··· Information provided

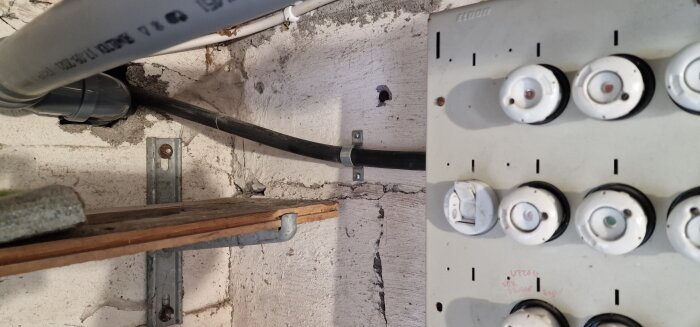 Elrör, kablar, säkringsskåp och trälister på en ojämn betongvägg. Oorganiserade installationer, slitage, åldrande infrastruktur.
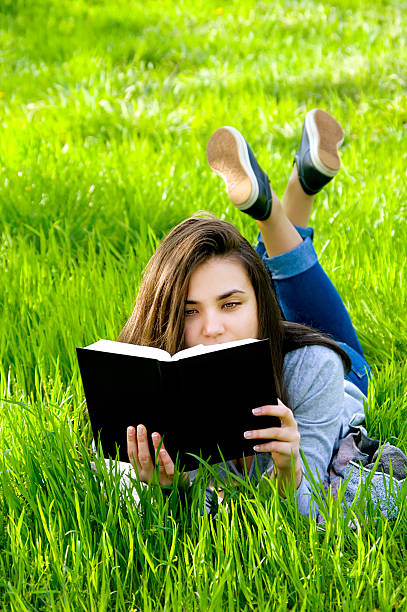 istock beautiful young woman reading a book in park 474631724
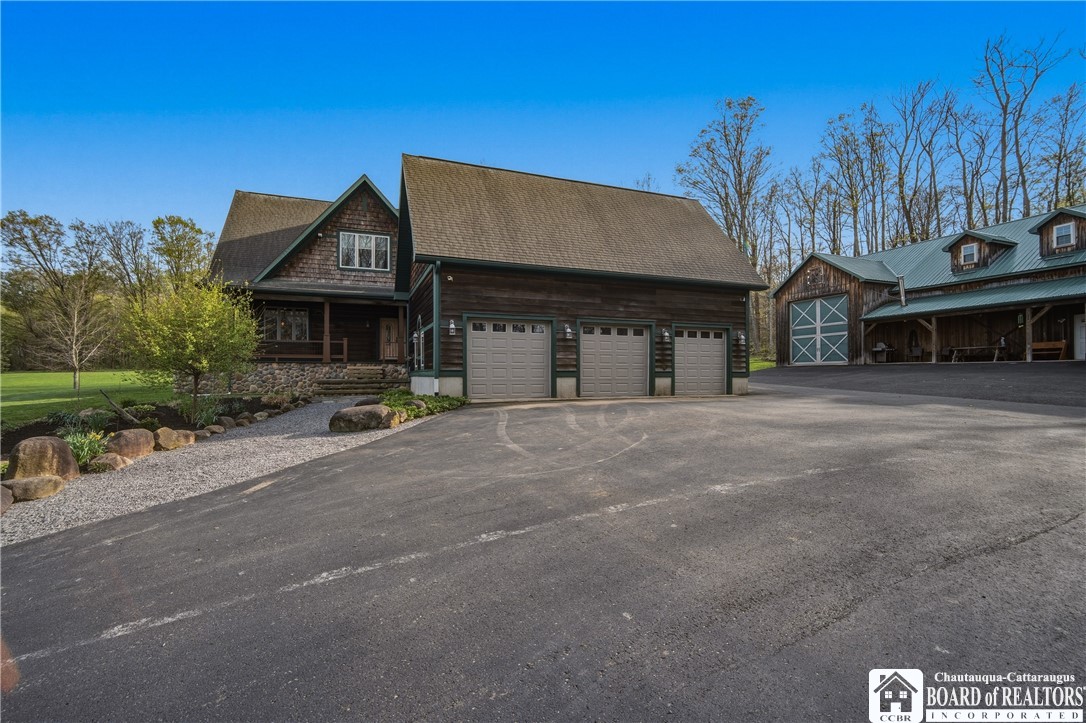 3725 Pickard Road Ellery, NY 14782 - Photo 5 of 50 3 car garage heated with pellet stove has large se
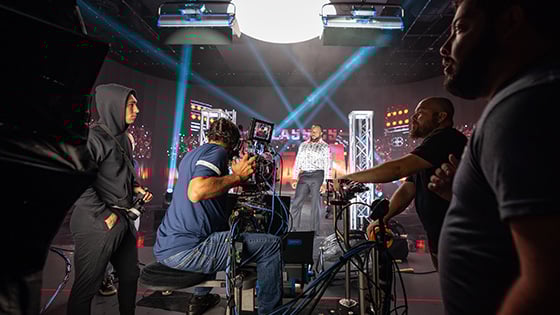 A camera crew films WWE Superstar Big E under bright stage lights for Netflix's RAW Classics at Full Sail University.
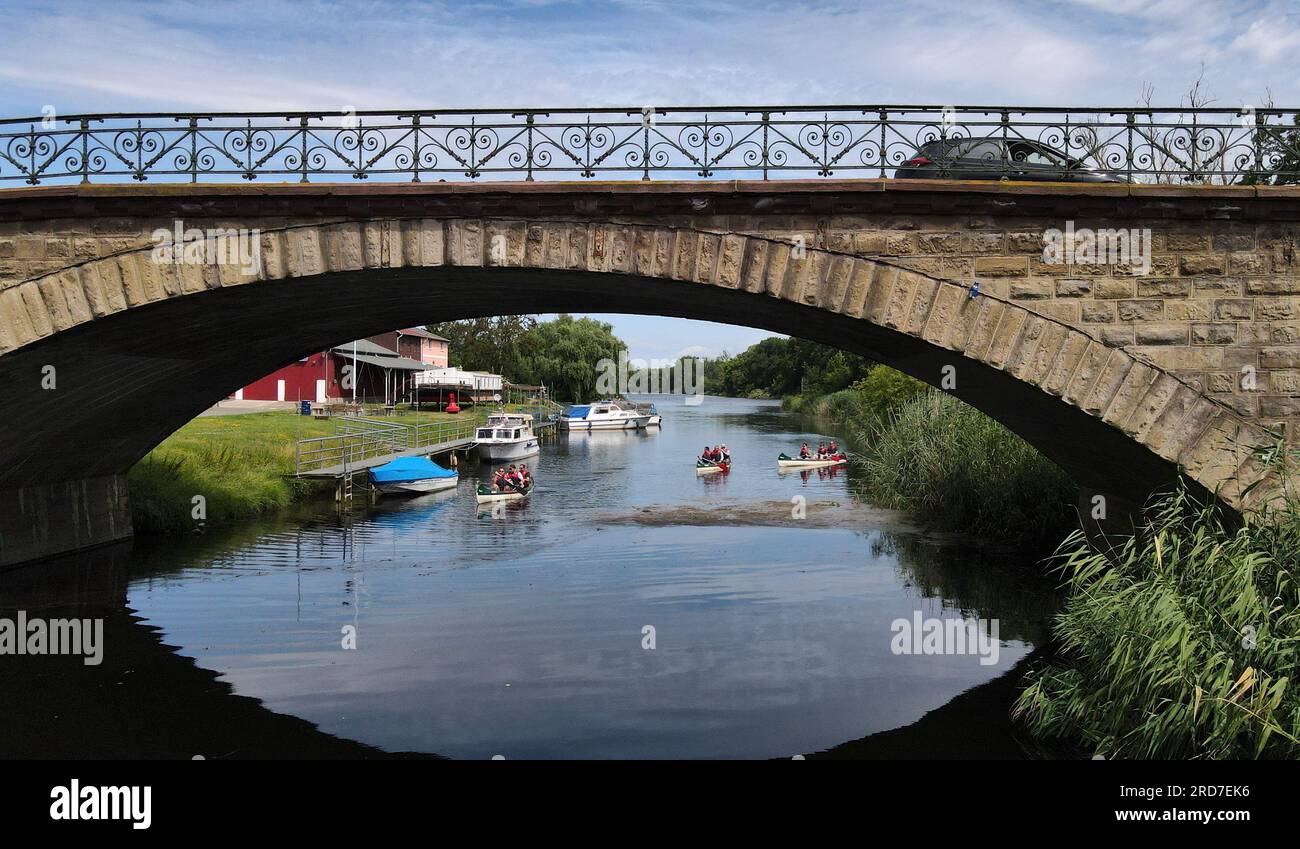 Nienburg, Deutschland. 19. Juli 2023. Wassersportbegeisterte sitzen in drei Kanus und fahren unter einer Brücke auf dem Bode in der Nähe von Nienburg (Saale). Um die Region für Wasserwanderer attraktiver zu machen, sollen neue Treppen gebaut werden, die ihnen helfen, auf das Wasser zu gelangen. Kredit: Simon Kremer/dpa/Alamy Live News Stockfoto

······
··· Information provided

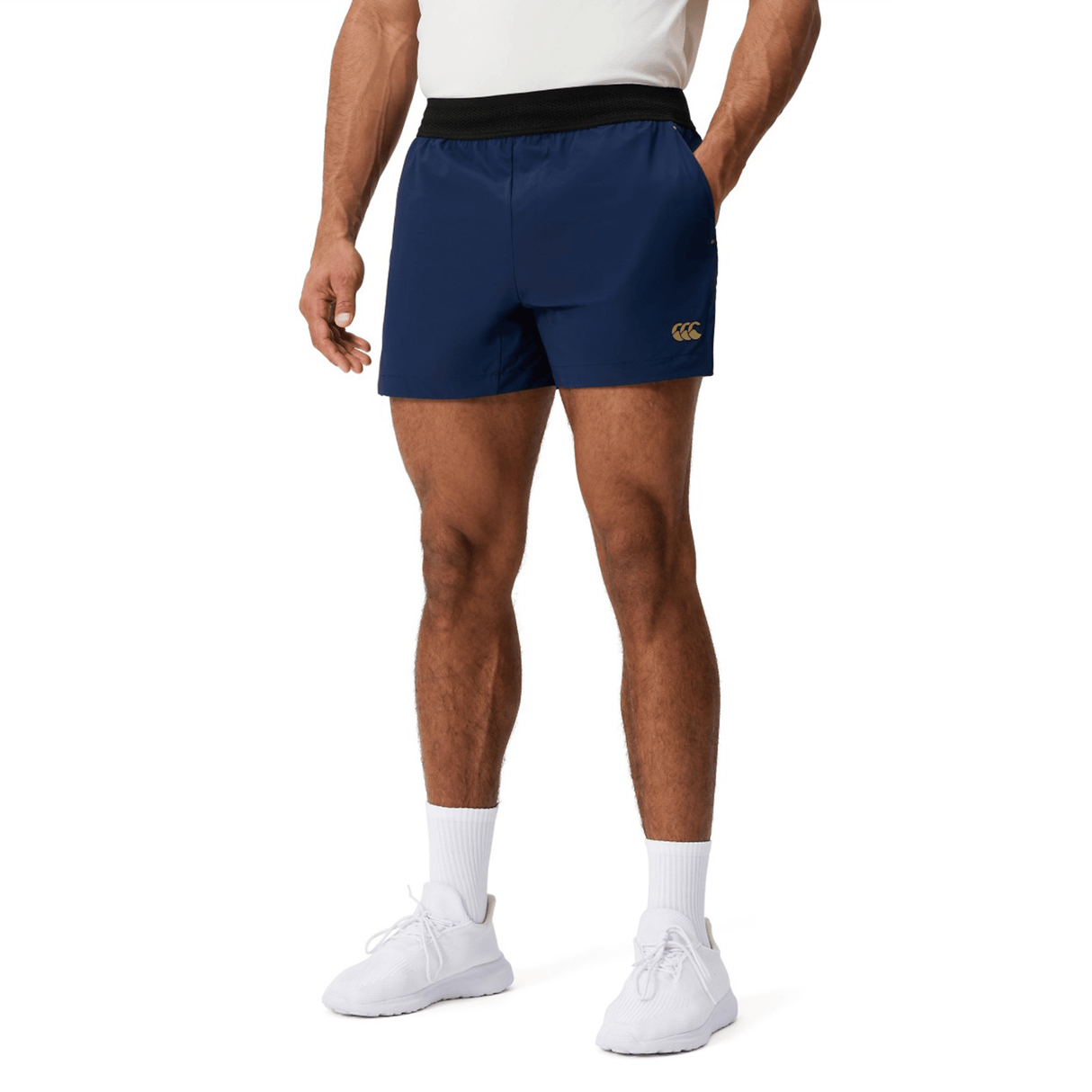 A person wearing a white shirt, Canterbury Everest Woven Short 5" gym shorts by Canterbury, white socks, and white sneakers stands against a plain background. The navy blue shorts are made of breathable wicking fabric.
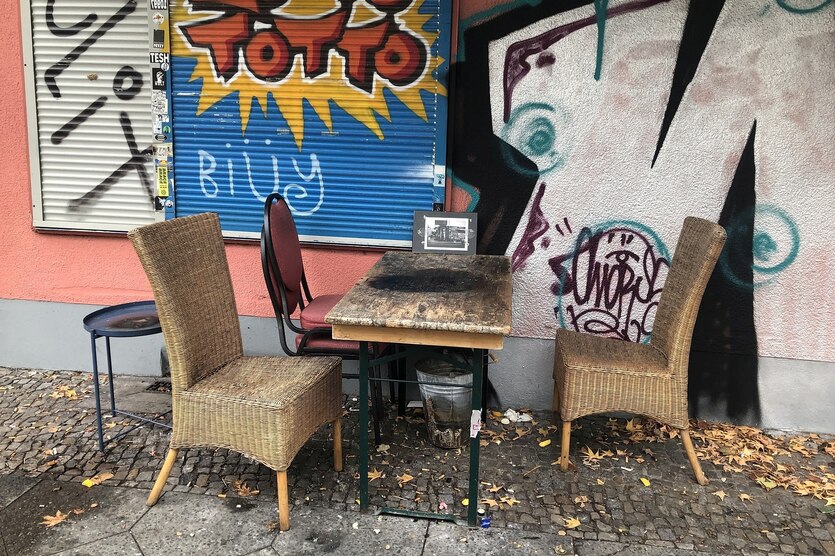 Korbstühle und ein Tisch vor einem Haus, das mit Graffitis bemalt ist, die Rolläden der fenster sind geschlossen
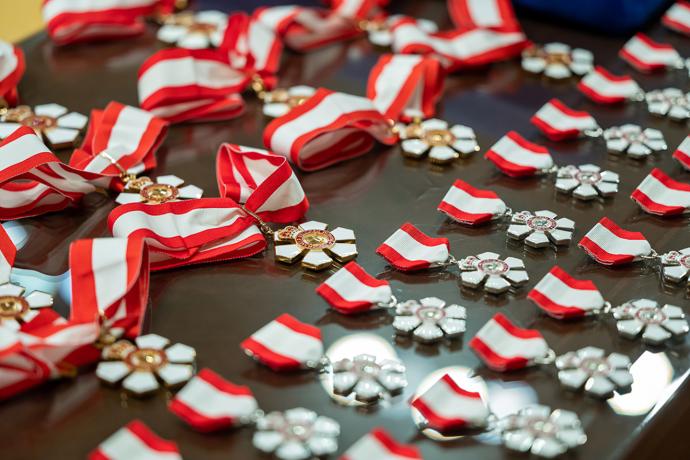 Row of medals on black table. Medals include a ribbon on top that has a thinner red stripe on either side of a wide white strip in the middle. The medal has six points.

······

Here the job is to copy the stretch of records from the line containing "3725 Pickard Road" through the line containing "Nienburg, Deutschland. 19.", word for word. Leave every picture out.

 3725 Pickard Road Ellery, NY 14782 - Photo 5 of 50 3 car garage heated with pellet stove has large se
 A camera crew films WWE Superstar Big E under bright stage lights for Netflix's RAW Classics at Full Sail University.
 Nienburg, Deutschland. 19. Juli 2023. Wassersportbegeisterte sitzen in drei Kanus und fahren unter einer Brücke auf dem Bode in der Nähe von Nienburg (Saale). Um die Region für Wasserwanderer attraktiver zu machen, sollen neue Treppen gebaut werden, die ihnen helfen, auf das Wasser zu gelangen. Kredit: Simon Kremer/dpa/Alamy Live News Stockfoto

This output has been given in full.